Public Health Implications
Difficulties with the effective promotion of increased folate use before pregnancy has led to an emphasis on the need for fortification of basic foods (e.g. breakfast cereals), or the addition of folate to basic food components (e.g. flour), or a combination of these strategies, as the only public health measures likely to have a major population impact. Arguments for food fortification have been strengthened by evidence from non-experimental studies that folate may reduce the risk of birth defects other than neural tube defects (e.g. limb reduction defects, clefts and some cardiac malformations) although the findings are much less consistent in relation to these anomalies than for neural tube defects27. Dietary folate may also reduce cardiovascular disease28 and be one of the factors in a high fruit and vegetable diet contributing to lower risks of cancer29, again based on non-experimental studies.
In contrast to those possible wider benefits of populationwide folate supplementation, the health, social and economic costs of multiple births are substantial (e.g. Table 3). Additional adverse outcomes, both common and very rare, relevant to individual decision-making but with social costs and consequences as well, are mentioned in the paragraph above.
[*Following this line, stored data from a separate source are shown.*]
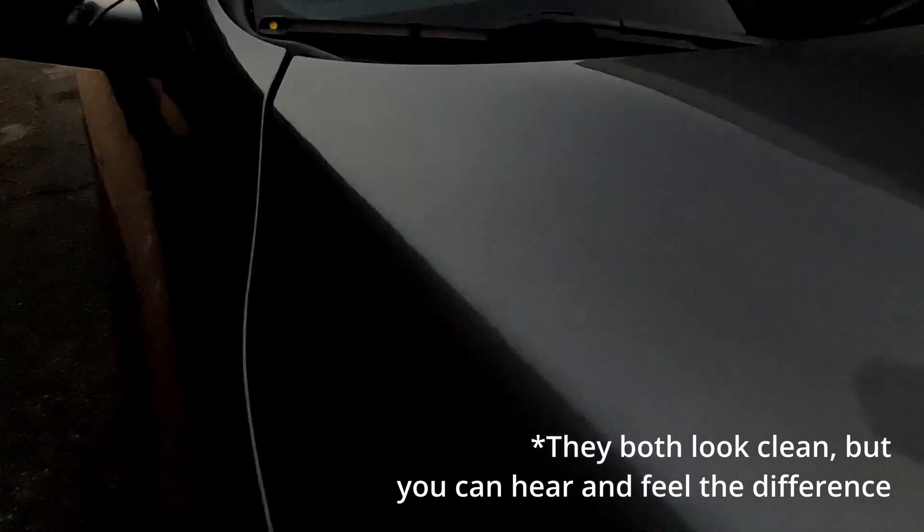You can see here there's no more streak marks. On the side I haven't done it yet, there's still streak marks. You can actually hear the differences of where I applied the clay bar and where it isn't applied. This side is way smoother compared to over here, even though they're both really clean. Feels brand new — this is crazy.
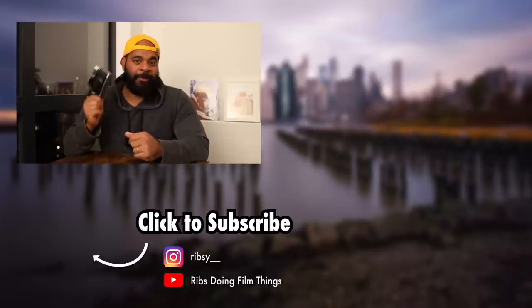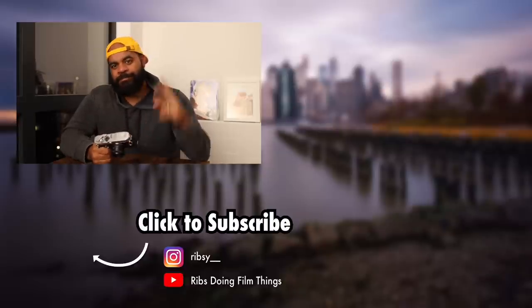Alright, so that's what I got to say about this camera. Go pick one up if you're interested, and until the next video, I'm out.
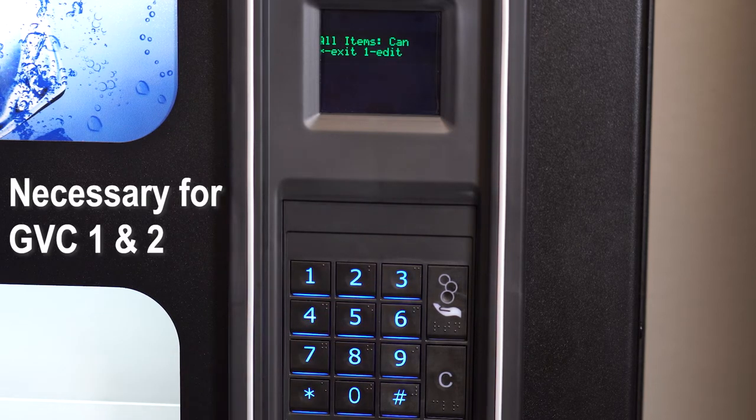Press 3 to set all items to the same configuration. Press 3 to scroll through the options. Press pound to save. Press star to exit.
Although supplementation with lower than recommended doses would also result in changes in neural tube defects it is possible that there is a threshold for the twinning effect which exceeds that needed for neural tube defect prevention. This is relevant to current policy debates focusing on the recommended level of folate supplementation through food component fortification which would be required to eliminate neural tube defects30. There are suggestions that greater reductions in neural tube defects may be occurring than would be predicted from the current levels of supplementation31. Simultaneous monitoring of neural tube defects and twins in all countries and regions with complete data on both outcomes is essential to see whether the impact on neural tube defects and twins predicted from the randomised trials occurs as supplementation, fortification of foods with folate, or both, is implemented.